KH. Samsul Ma’arif menjelaskan bahwa tradisi perempuan yang melamar laki-laki ini dulunya sangat berkaitan dengan kehidupan agraris. Pada masa itu, masyarakat Lamongan sangat bergantung pada sektor pertanian.
Kriteria menantu ideal pada saat itu adalah seseorang yang rajin bekerja di sawah, memiliki gerobak sapi, dan mampu membantu pekerjaan di kebun. Dalam konteks ini, perempuan melamar laki-laki untuk mendapatkan seorang pasangan yang dapat membantu pekerjaan tersebut.
“Masyarakat Lamongan dulu itu cari menantu itu adalah garis miring, maksudnya cari orang yang bisa membantu pekerjaan dan kesibukan dia di sawah dan kebun” kata Pemangku Yayasan Tarbiyatus Shibyan ini.

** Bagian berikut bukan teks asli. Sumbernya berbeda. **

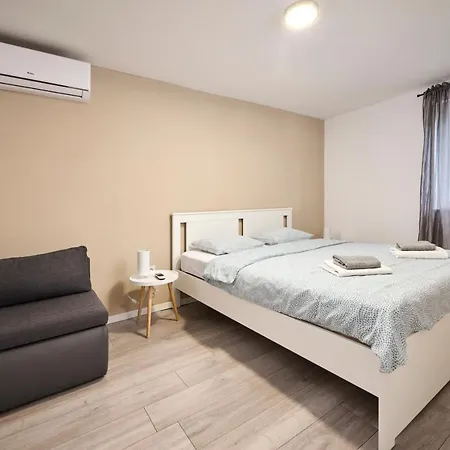 Apartment Lina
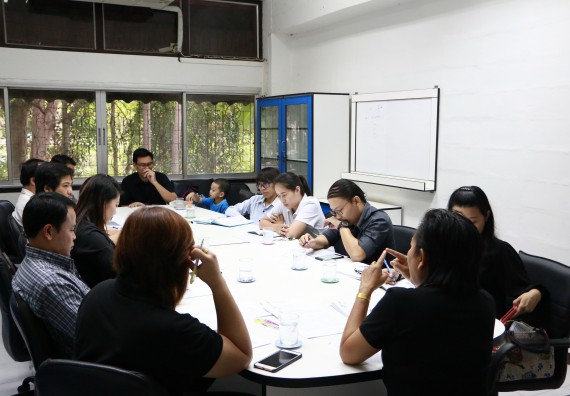 ภาพกิจกรรม คณะวิทยาศาสตร์และเทคโนโลยี จัดการประชุมเพื่อวางแผนการประชาสัมพันธ์หลักสูตรที่ไม่เป็นไปตามแผนการรับนักศึกษา ปีการศึกษา 2560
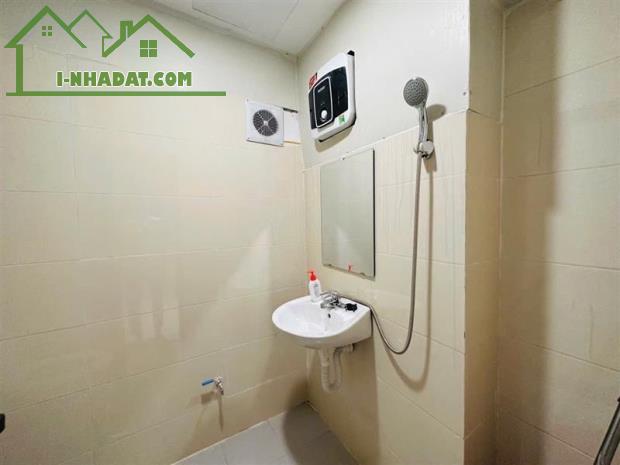 TẬP THỂ TẦNG 2  ĐƯỜNG HOÀNG QUỐC VIỆT 75M 2 NGỦ GIÁ 4,25 TỶ,FULL NỘI THẤT - 4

Namun, pergeseran budaya mulai terjadi seiring dengan perubahan zaman. Menurut KH. Samsul Maarif Pergeseran itu terjadi akibat transformasi budaya, yang dipengaruhi oleh masuknya budaya perkotaan. Seiring dengan modernisasi, kehidupan di kota-kota besar mempengaruhi cara pandang masyarakat terhadap pernikahan.
Alat-alat pertanian tradisional seperti gerobak sapi mulai ditinggalkan, digantikan dengan alat-alat modern. Pekerjaan di sawahpun bukan lagi menjadi kegiatan utama. Beberapa masyarakat mulai mencoba matapencaharian baru, imbas dari budaya kota yang masuk ke desa-desa. Dengan berkurangnya ketergantungan pada sektor pertanian, kriteria untuk memilih pasangan pun berubah.
Di sisi lain, seiring dengan semakin banyaknya generasi muda yang terdidik dan lebih mengenal budaya kota, pola pernikahan pun mulai beralih. Laki-laki kini lebih banyak yang mengambil inisiatif untuk melamar perempuan, yang sebelumnya adalah kewajiban perempuan.
“Sekarang, laki laki yang melamar perempuan dan memang itu sebenarnya yang dianjurkan. Karena laki laki itu harus kuat, orang yang harus menanggung semua beban keluarga, maka dia yang harus melamar.” Jelas laki-laki yang tinggal di Wotan, Gresik ini.
Pergeseran budaya ini juga berkaitan dengan perubahan nilai sosial yang lebih luas. Dulu, tanggung jawab sosial dan ekonomi lebih banyak diemban oleh keluarga perempuan, karena mereka lebih terlibat dalam kehidupan pertanian. Namun, seiring dengan meningkatnya pendidikan dan peluang kerja di luar pertanian, pandangan ini berubah. Kini, laki-laki lebih dianggap sebagai pihak yang seharusnya mengambil langkah pertama dalam sebuah hubungan pernikahan.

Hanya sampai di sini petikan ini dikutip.